**EXERCISE REQUIREMENTS:**
Data follows below. Repeat exactly the lines between the line holding "card_59106_series_65310_rarity_101855_graph" and the line holding "Story Chart Beatrix", inclusive, and nothing more; drop pictures.
(Beginning of MATERIAL FOR THIS EXERCISE)
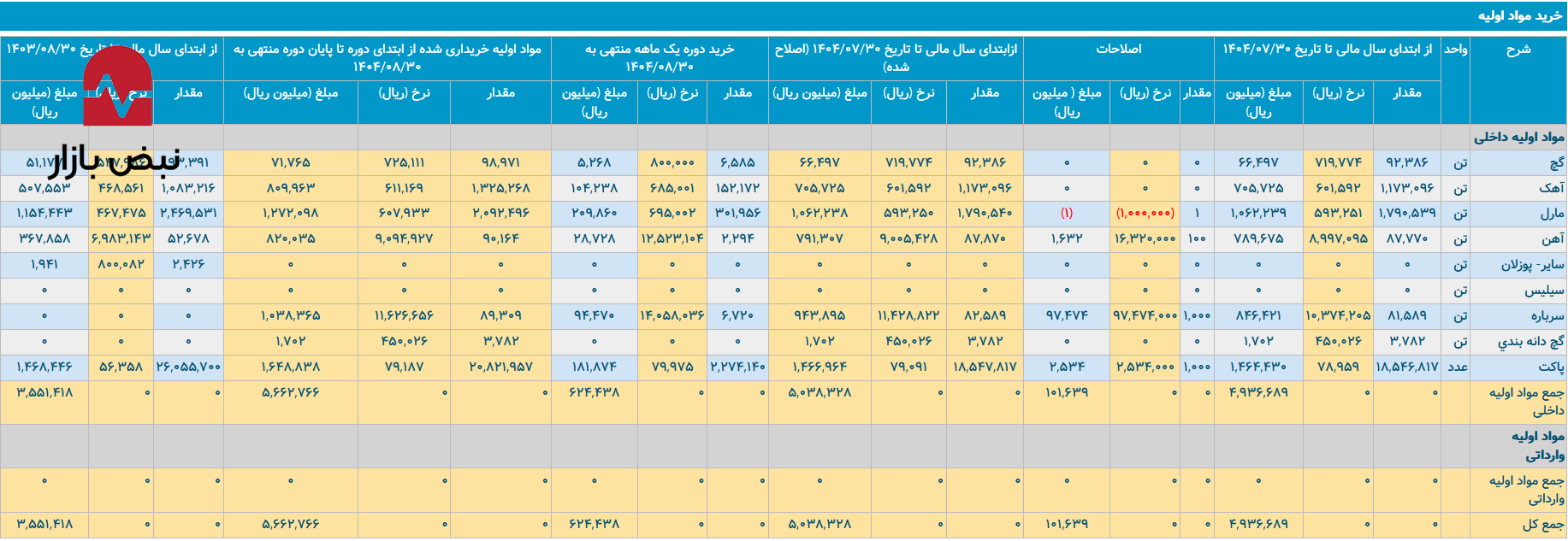 سیمان هرمزگان در گرداب انرژی سیمان هرمزگان در گرداب انرژی
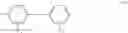 Fig. 42 - BLENDS OF AROMATIC POLYMERS AND ADDUCTS OBTAINED THEREFROM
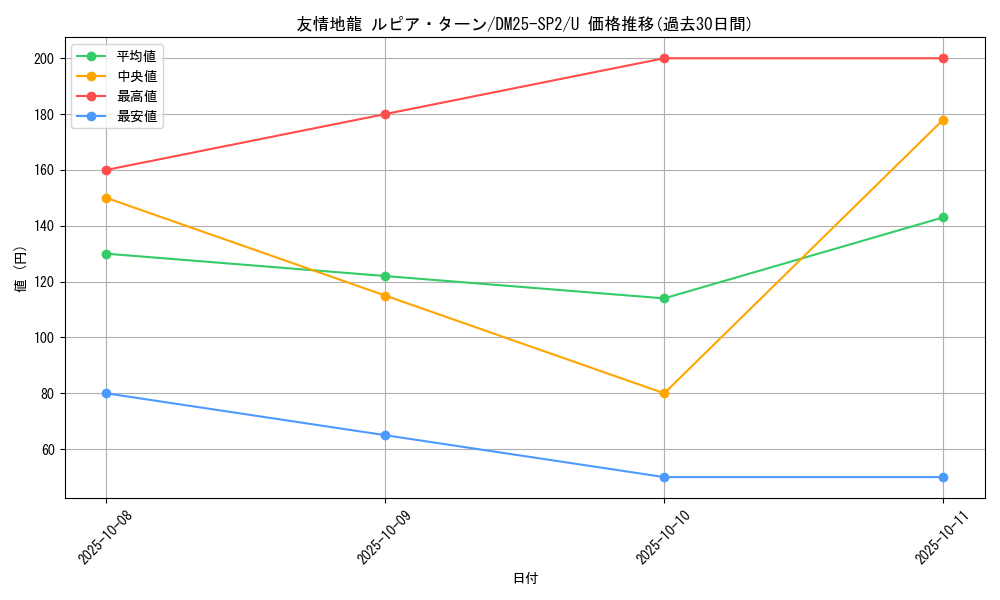 card_59106_series_65310_rarity_101855_graph
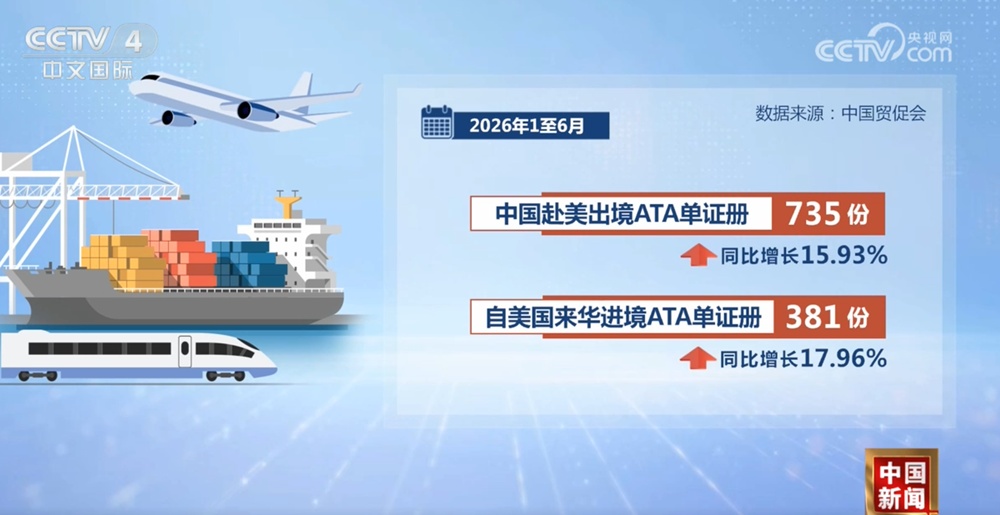 从“今年上半年商事认证业务数据”透视中国外贸的“稳”与“增” 从“今年上半年商事认证业务数据”透视中国外贸的“稳”与“增”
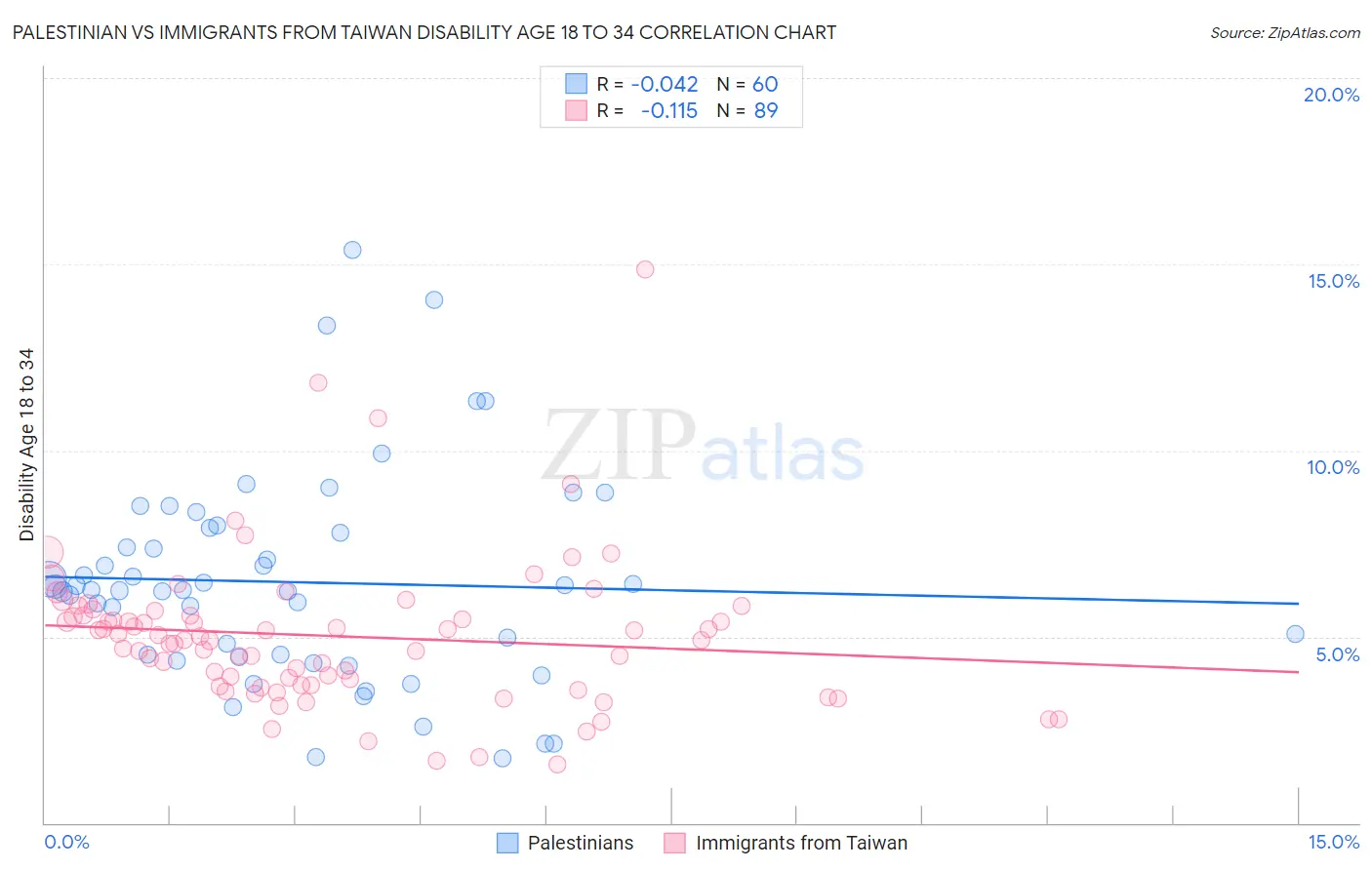 Palestinian vs Immigrants from Taiwan Disability Age 18 to 34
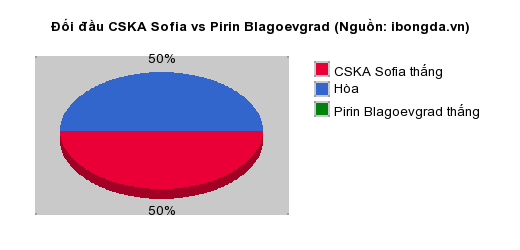Thống kê đối đầu CSKA Sofia vs Pirin Blagoevgrad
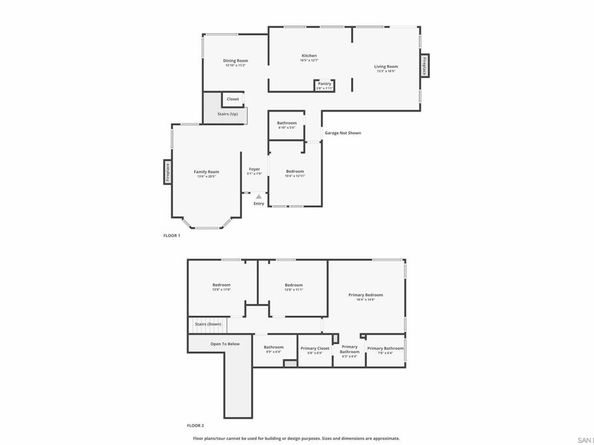 2010 Palsero Ave, Escondido CA 92029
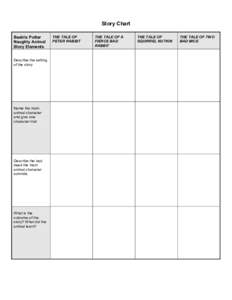 Story Chart Beatrix Potter Naughty Animal Story Elements Describe the setting of the story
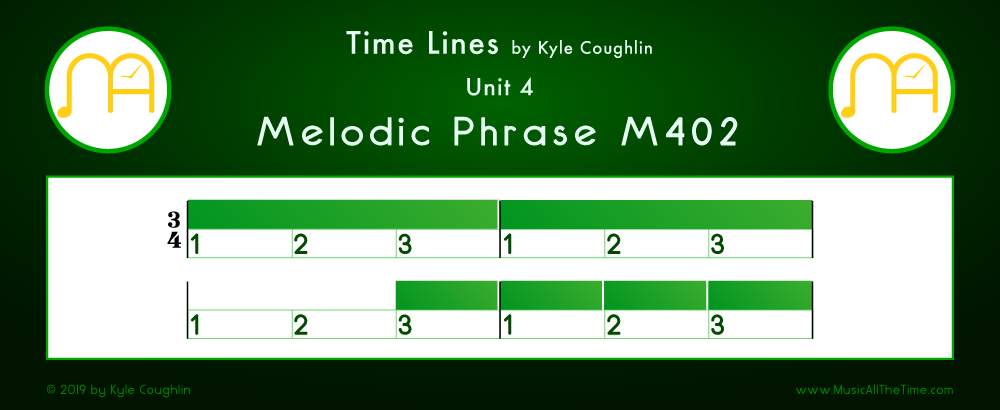 Time Lines Color Blocks for Melody M402, showing the relative length and placement of each note and rest.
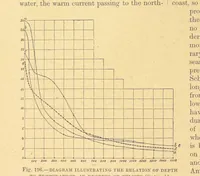 An illustration from Our Earth and its Story: a popular treatise on physical geography. Edited by R. Brown. With ... coloured plates and maps, etc (1899)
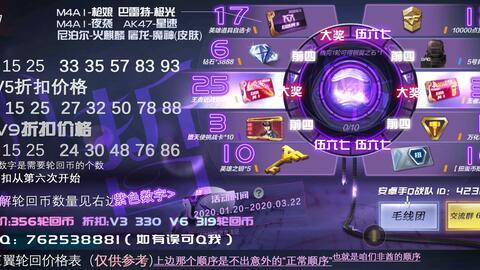 cfm最新爆料扭蛋,最新扭蛋活動來襲，神秘角色即將揭曉！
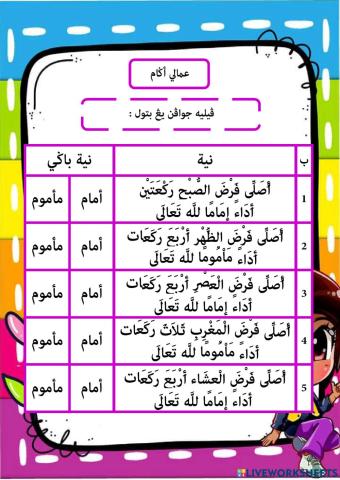 Amali-niat sembahyang berjemaah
(End of MATERIAL FOR THIS EXERCISE)
**SOLVED PROBLEM:**
 card_59106_series_65310_rarity_101855_graph
 从“今年上半年商事认证业务数据”透视中国外贸的“稳”与“增” 从“今年上半年商事认证业务数据”透视中国外贸的“稳”与“增”
 Palestinian vs Immigrants from Taiwan Disability Age 18 to 34
Thống kê đối đầu CSKA Sofia vs Pirin Blagoevgrad
 2010 Palsero Ave, Escondido CA 92029
 Story Chart Beatrix Potter Naughty Animal Story Elements Describe the setting of the story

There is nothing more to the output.